Recently, the suitability of frailty as the primary measure of ‘health’ in older adults has been questioned, as ageing does not inherently result in disease and disability [6, 7]. Frailty as a syndrome assumes that individuals will inevitably develop physical and non‐physical deficits [2]; it fails to consider aspects of health that enable individuals to maintain homoeostasis and retain function [8]. As the medical understanding of ageing moves from absence of disease to retention of function, a construct that classifies people by their deficits may be less clinically relevant given not every deficiency warrants an intervention [9]. Finally, despite decades of research and many iterations of frailty indices, there is still no consensus on a gold standard measurement for frailty, evidenced by the heterogeneity between the FP and FI [10, 11, 12, 13].
In 2015, the World Health Organisation (WHO) introduced the concept of Intrinsic Capacity (IC) as part of its ‘Healthy Ageing’ framework [9], which promotes ongoing wellbeing and retention of functional ability in older adults. IC as a more holistic concept captures a range of both positive and negative physical and mental attributes individuals can draw on over a lifetime [14]. IC offers a novel way to conceptualise health in late life by including health‐related aptitudes that allow one to maintain wellbeing in older age [15].
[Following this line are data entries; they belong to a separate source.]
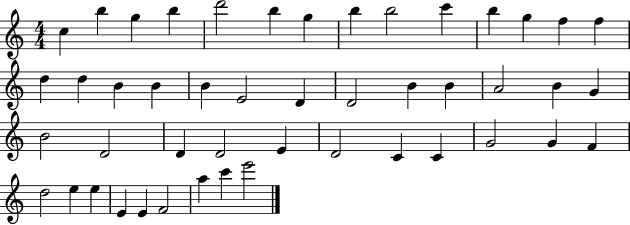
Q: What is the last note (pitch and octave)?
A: E6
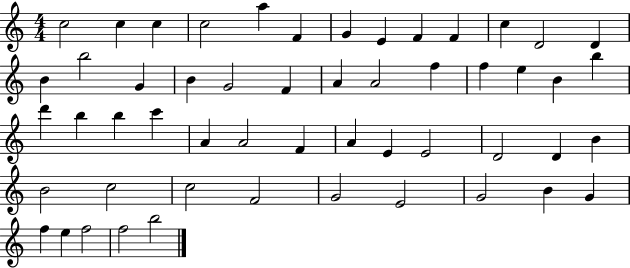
X:1
T:Untitled
M:4/4
L:1/4
K:C
c2 c c c2 a F G E F F c D2 D B b2 G B G2 F A A2 f f e B b d' b b c' A A2 F A E E2 D2 D B B2 c2 c2 F2 G2 E2 G2 B G f e f2 f2 b2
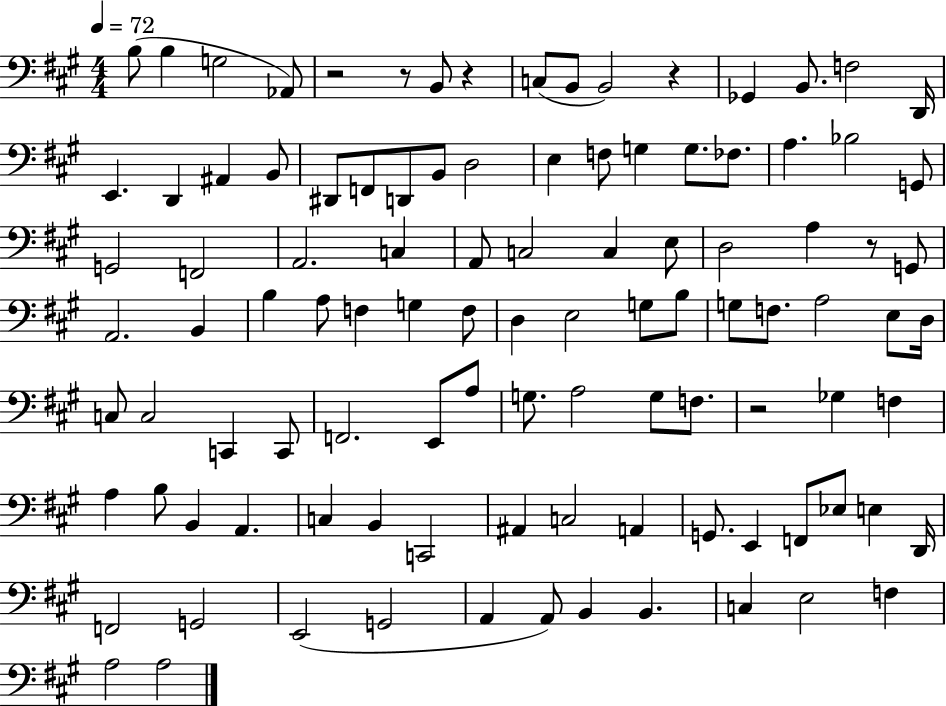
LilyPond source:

{
  \clef bass
  \numericTimeSignature
  \time 4/4
  \key a \major
  \tempo 4 = 72
  \repeat volta 2 { b8( b4 g2 aes,8) | r2 r8 b,8 r4 | c8( b,8 b,2) r4 | ges,4 b,8. f2 d,16 | \break e,4. d,4 ais,4 b,8 | dis,8 f,8 d,8 b,8 d2 | e4 f8 g4 g8. fes8. | a4. bes2 g,8 | \break g,2 f,2 | a,2. c4 | a,8 c2 c4 e8 | d2 a4 r8 g,8 | \break a,2. b,4 | b4 a8 f4 g4 f8 | d4 e2 g8 b8 | g8 f8. a2 e8 d16 | \break c8 c2 c,4 c,8 | f,2. e,8 a8 | g8. a2 g8 f8. | r2 ges4 f4 | \break a4 b8 b,4 a,4. | c4 b,4 c,2 | ais,4 c2 a,4 | g,8. e,4 f,8 ees8 e4 d,16 | \break f,2 g,2 | e,2( g,2 | a,4 a,8) b,4 b,4. | c4 e2 f4 | \break a2 a2 | } \bar "|."
}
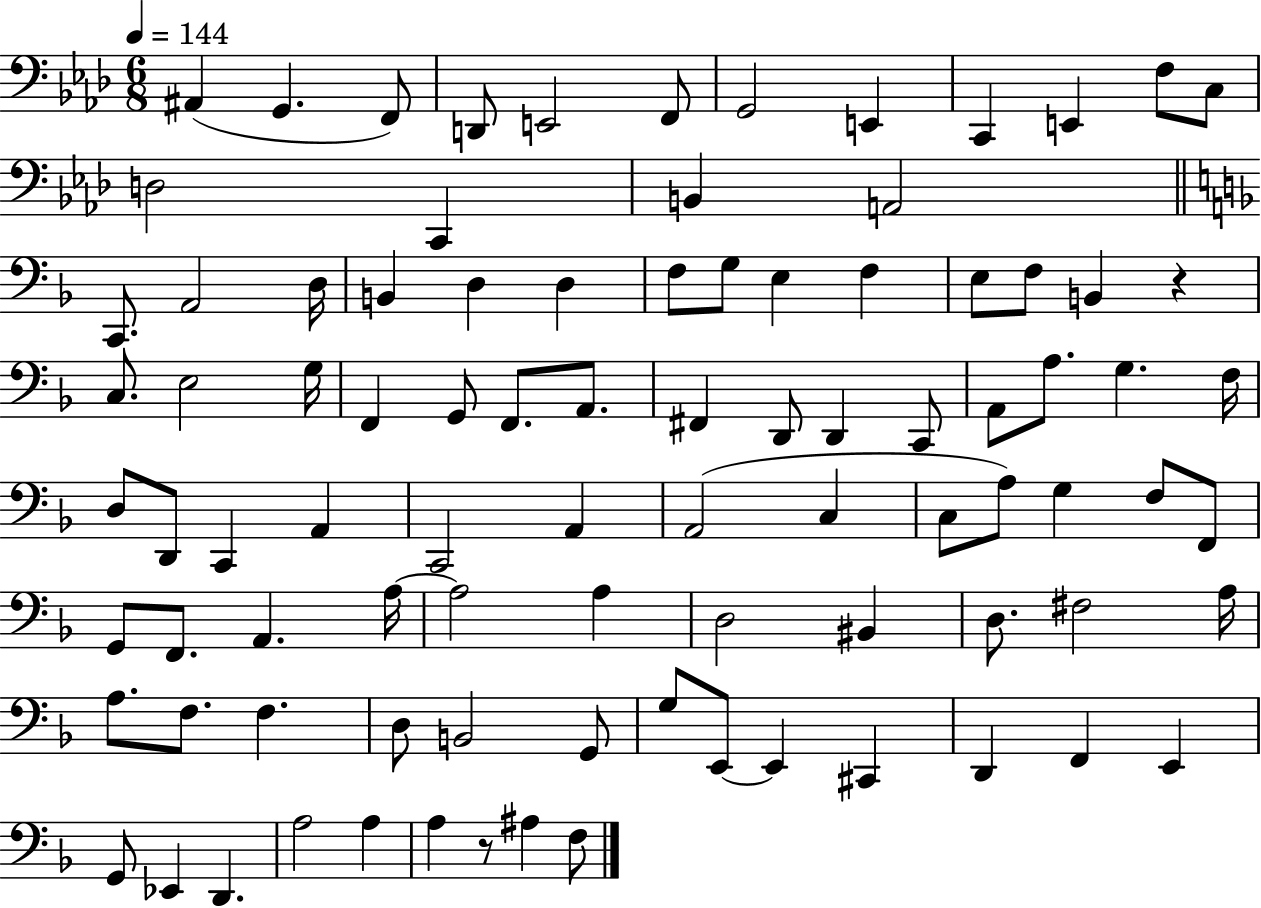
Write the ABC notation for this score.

X:1
T:Untitled
M:6/8
L:1/4
K:Ab
^A,, G,, F,,/2 D,,/2 E,,2 F,,/2 G,,2 E,, C,, E,, F,/2 C,/2 D,2 C,, B,, A,,2 C,,/2 A,,2 D,/4 B,, D, D, F,/2 G,/2 E, F, E,/2 F,/2 B,, z C,/2 E,2 G,/4 F,, G,,/2 F,,/2 A,,/2 ^F,, D,,/2 D,, C,,/2 A,,/2 A,/2 G, F,/4 D,/2 D,,/2 C,, A,, C,,2 A,, A,,2 C, C,/2 A,/2 G, F,/2 F,,/2 G,,/2 F,,/2 A,, A,/4 A,2 A, D,2 ^B,, D,/2 ^F,2 A,/4 A,/2 F,/2 F, D,/2 B,,2 G,,/2 G,/2 E,,/2 E,, ^C,, D,, F,, E,, G,,/2 _E,, D,, A,2 A, A, z/2 ^A, F,/2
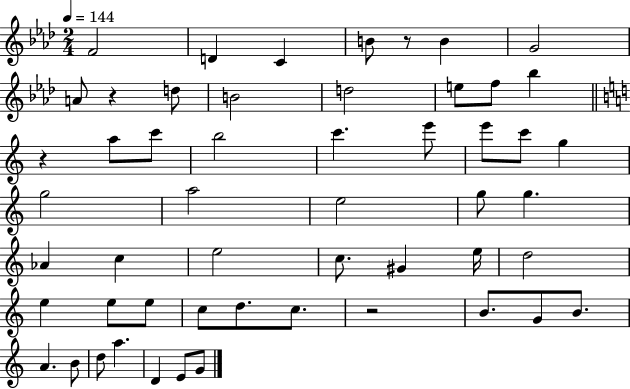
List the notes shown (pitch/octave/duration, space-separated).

F4/h D4/q C4/q B4/e R/e B4/q G4/h A4/e R/q D5/e B4/h D5/h E5/e F5/e Bb5/q R/q A5/e C6/e B5/h C6/q. E6/e E6/e C6/e G5/q G5/h A5/h E5/h G5/e G5/q. Ab4/q C5/q E5/h C5/e. G#4/q E5/s D5/h E5/q E5/e E5/e C5/e D5/e. C5/e. R/h B4/e. G4/e B4/e. A4/q. B4/e D5/e A5/q. D4/q E4/e G4/e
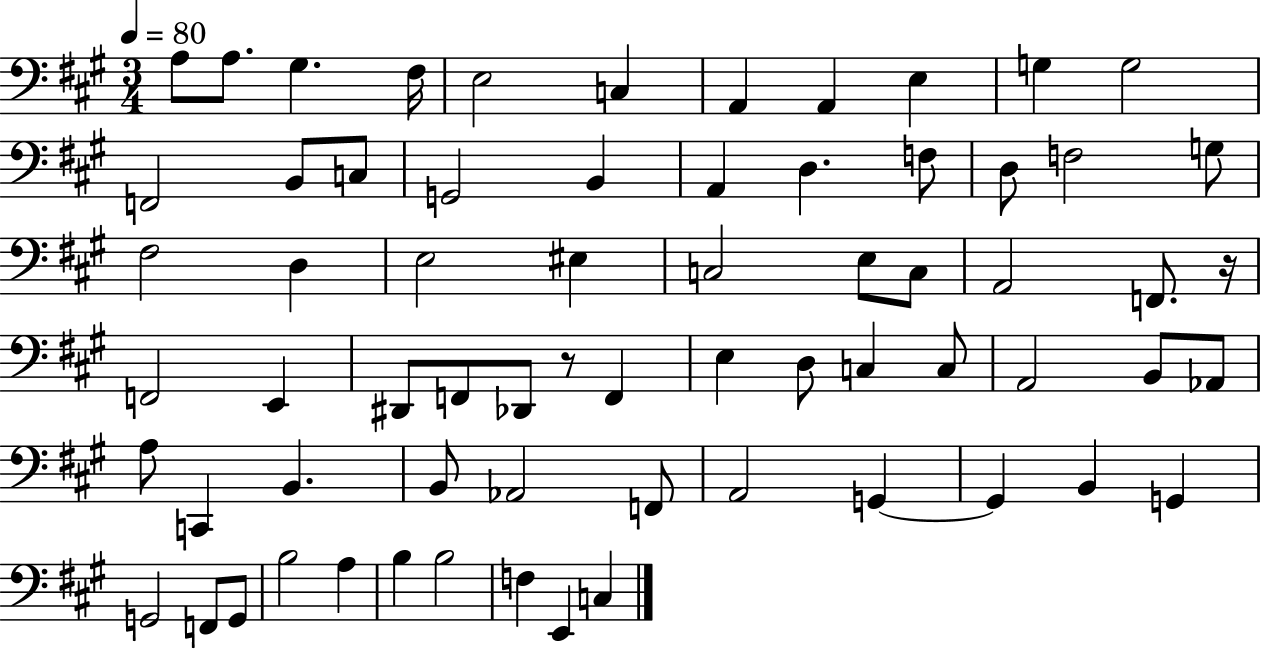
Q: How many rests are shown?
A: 2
Using exploratory factor analysis, Beard and colleagues [16] found that IC was comprised of five domains (cognitive function, psychological health, locomotive ability, sensory function, and vital function), which capture a range of physical and psychological processes associated with functional independence. IC theoretically captures health over the lifetime, rather than summing deficits at baseline. Data can be collected from patients throughout their lives, allowing for the monitoring of their health trajectories before deficit thresholds are met [17]. This can inform targeted early interventions for health and functional independence [18]. Another advantage of IC over frailty indices is the positive focus on capacity, which avoids negative stereotypes associating ageing with inevitable physical, cognitive and functional decline [19].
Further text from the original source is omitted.